There’s a reason we don’t name our projects after artists!
To quote a post about how we name our projects written by our Senior Director of Engineering, Joey:
Choose a code name scheme that isn’t directly related to your technology or business. A flower business using flower names is cute, but breaks down when you want to build a feature that actually is about tulips.
Most of our systems at Artsy are named after scientific concepts. Force, Eigen, Fresnel. This can seem confusing at first, but it means there are not many opportunities for mistaking a system with its data. With a project like this one named after an artist, discussions get confusing quickly! “Yeah, we need to make sure we’re fetching all of the artworks from KAWS. Sorry, not the artworks by KAWS, I actually meant the Warhol collection. But KAWS is the service. Right. Anyway…”
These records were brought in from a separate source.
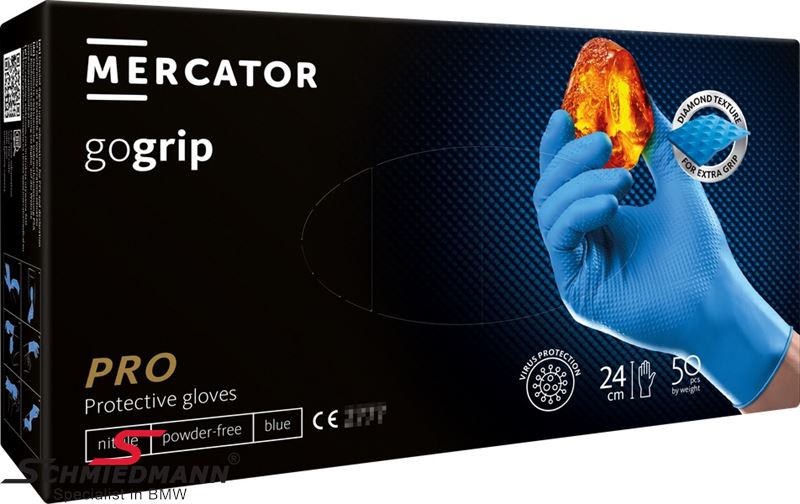 Nitrile gloves, GoGrip blue, 50 pcs. XXL MER20318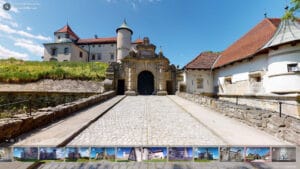wirtualny spacer zamek Wiśnicz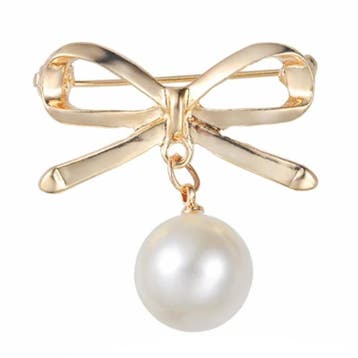 Fako Bijoux - Sierspeld - Sjaalspeld - Broche - Parel met, Bijoux, Sacs & Beauté, Broches, Verzenden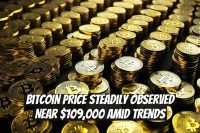 Bitcoin Price Steadily Observed Near $109,000 Amid Trends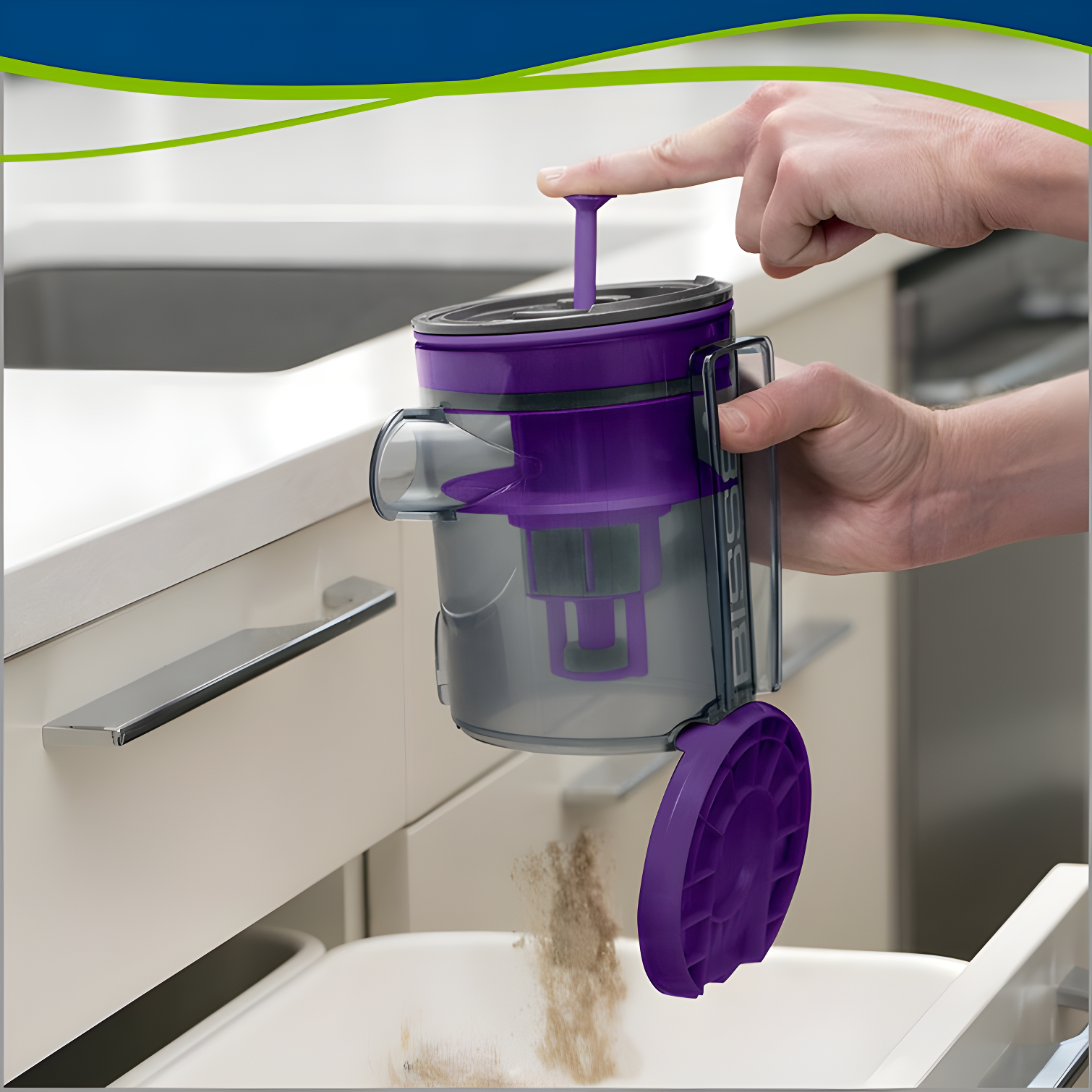 BISSELL Symphony Pet Steam Mop and Steam Vacuum Cleaner for Hardwood and Tile Floors, with Microfiber Mop Pads, 1543A,Purple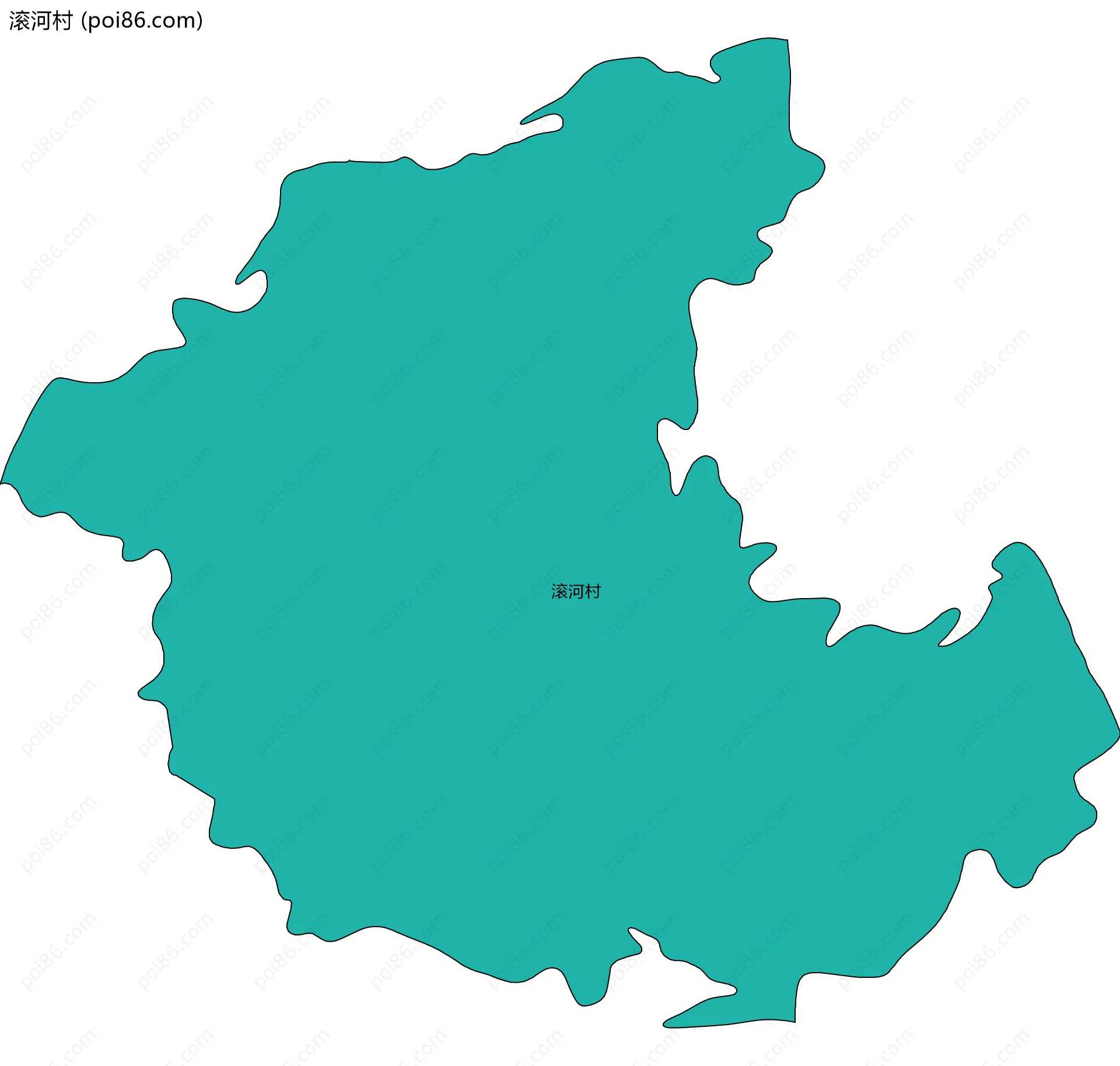 滚河村边界地图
Feature flagging a GraphQL service with a schema is hard
Our plan for launching this change was pretty simple: introduce a new environment variable to Metaphysics and
toggle it when we wanted to QA or launch. Toggling the variable to true
and restarting Metaphysics’ Kubernetes
pods would result in a few updates to the schema (removal of all of the unused types that we got rid of) and would
cause requests for collections to be routed to Gravity instead of KAWS.
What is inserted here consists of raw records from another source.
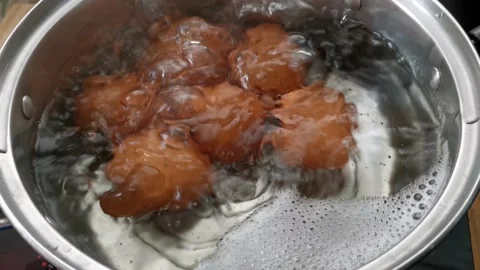 Boiled​ egg Stock Footage 201388836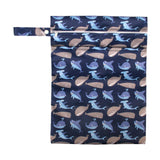 Maxbell Baby Nappy Bag Stroller Storage Bag Water Resistant Diaper Pouch for Daycare Navy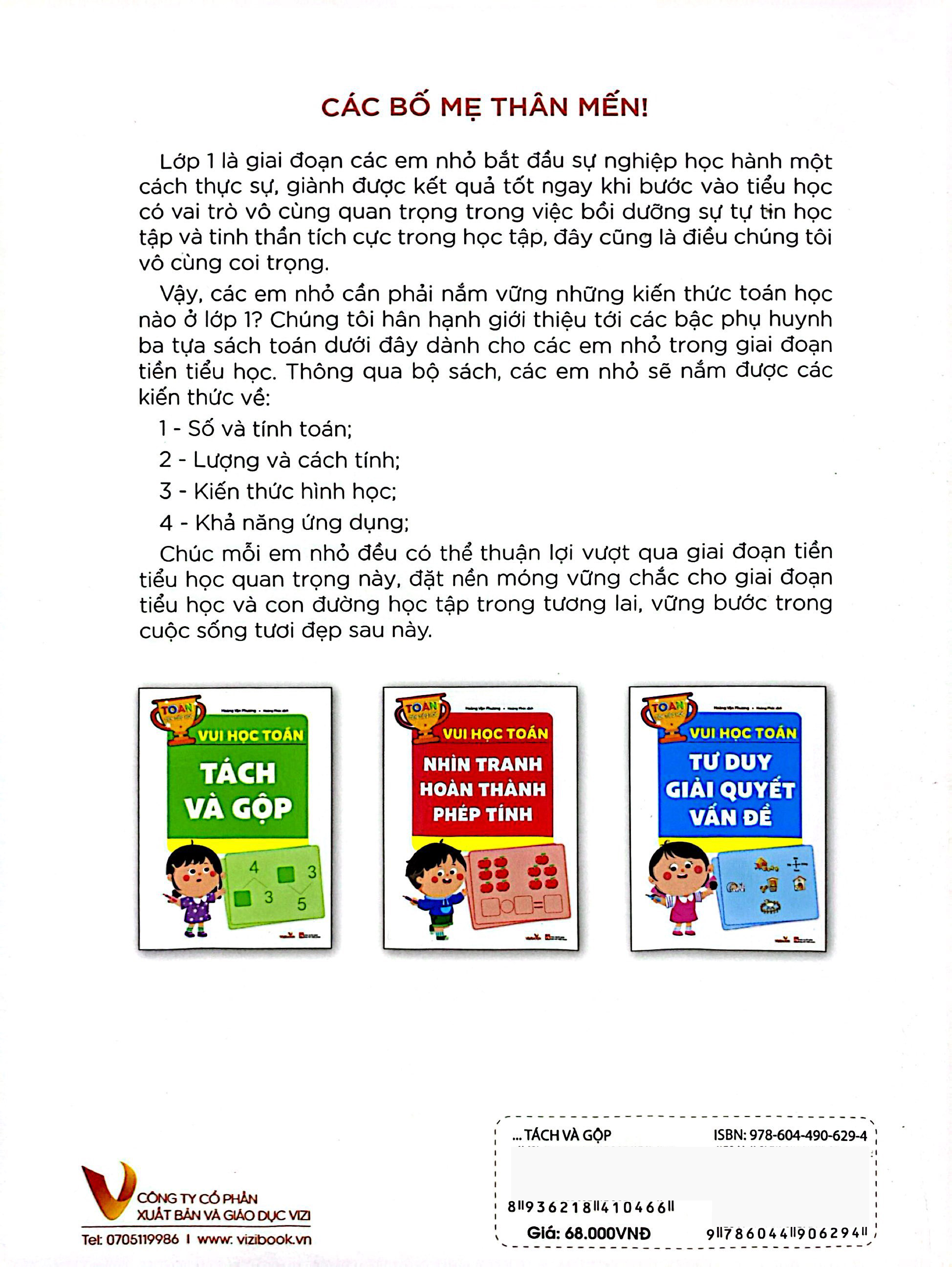 vui học toán - tách và gộp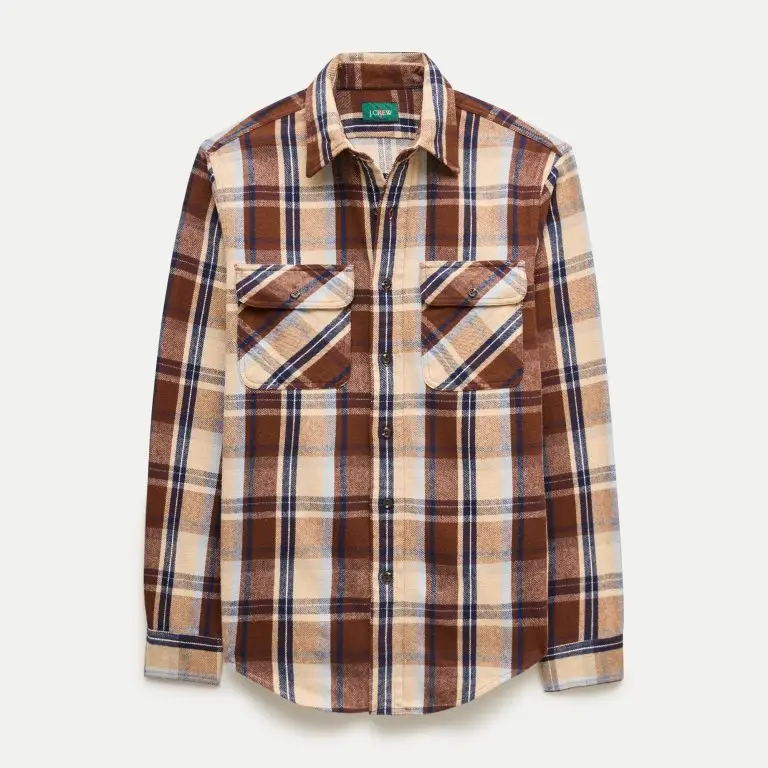 Brushed cotton flannel workshirt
We figured that we would flip this variable on staging, QA, resolve any issues, and release. We wouldn’t need to flip it off unless we had broken something big by accident; we wouldn’t be in danger of shipping these changes to production since they would exist only in our staging environment and were not checked in to version control.
However, we had forgotten something crucial: Metaphysics has a post-merge step in CI that creates PRs with any schema updates in client services like Force and Eigen, and the schema it ships to those services is pulled directly from staging Metaphysics. It’s not the version of the schema that’s stored in GitHub (which we had carefully avoided changing by not flipping the feature flag), it’s the schema that exists in the staging environment.
In other words, Force (for example) received an updated MarketingCollection
type in its schema, which didn’t
exist (and wouldn’t exist until we finished QA and decided to launch) in production Metaphysics schema. Oops.
This also meant we accidentally blocked deploys for a while. Services like Force have a check before they can be deployed to production: “does my copy of Metaphysics’ schema have changes that are not present in production Metaphysics? If so, that probably means deploying me would break something, so go deploy Metaphysics first.”
Because the flag was still set to false
on production, the schema updates would never move past staging. We
eventually figured out the problem and flipped the flag to “off”, re-ran the “update client schemas” job, and
deployed Force without the updated schema. But it made for a pretty confusing few hours, and it could have been
bad if we needed to ship an urgent bugfix. Lesson learned.
We ended up creating a Force review app that pointed at a Metaphysics review app with the flag set to true
to
avoid causing more issues. This is definitely what we would do next time.
Conclusion
Overall, we’re feeling pretty happy about how this project went. We hit a few snags along the way, but we launched the change earlier this week and haven’t seen any noticeable bugs or problems.
Of course, there’s still an important question: was it worth it? What did we gain by completing this refactor?
The answer will mostly depend on what happens next. We’re meeting with stakeholders next week to talk about what kind of features we can add or modifications we might want to make. But for now, we’re excited to have one less application to maintain and to have made it easier for future Artsy engineers to understand and iterate on our collections infrastructure.